→ **Exercise description**
The exercise calls for exact output of the lines between the one that contains "(PDF) Assessment of" and the end of the data, with both ends kept and pictures left out.

→ **Data shown**

┏━━

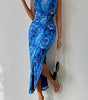 Women's Clothing Slit Hemline At Hem Sleeveless Printed Dress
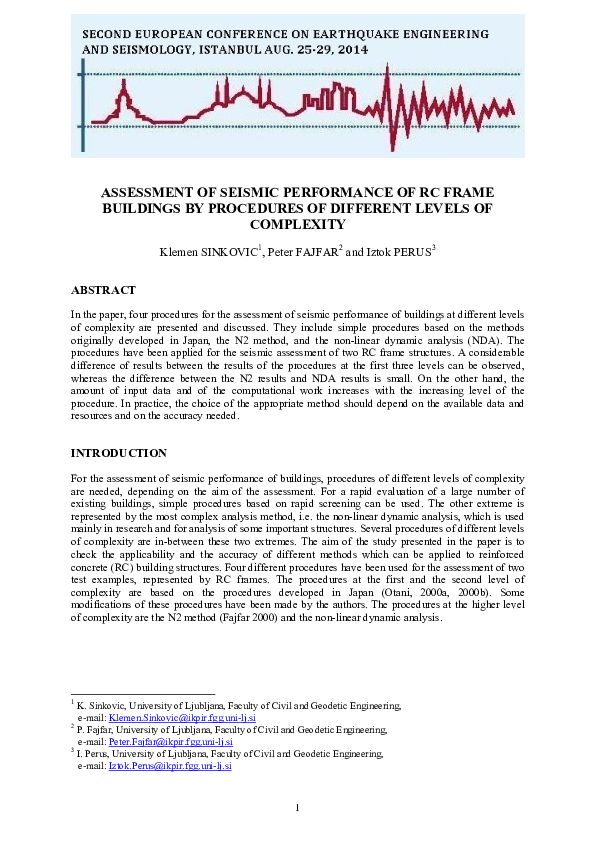 (PDF) Assessment of Seismic Performance of RC Frame Buildings by ...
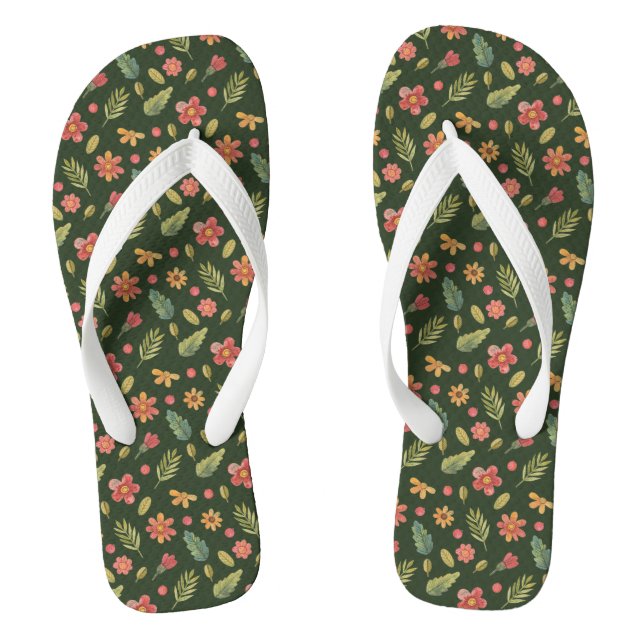 Tongs Fleurs et feuilles fantaisistes de la forêt (Semelle)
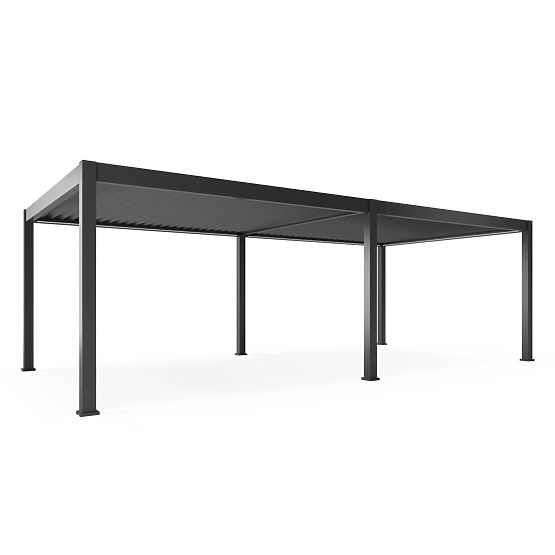 Samostoječa vrtna pergola Lumera iz aluminija, 4x8 m, bioklimatska, LED osvetlitev, električna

┗━━

→ **Completed exercise**
 (PDF) Assessment of Seismic Performance of RC Frame Buildings by ...
 Tongs Fleurs et feuilles fantaisistes de la forêt (Semelle)
 Samostoječa vrtna pergola Lumera iz aluminija, 4x8 m, bioklimatska, LED osvetlitev, električna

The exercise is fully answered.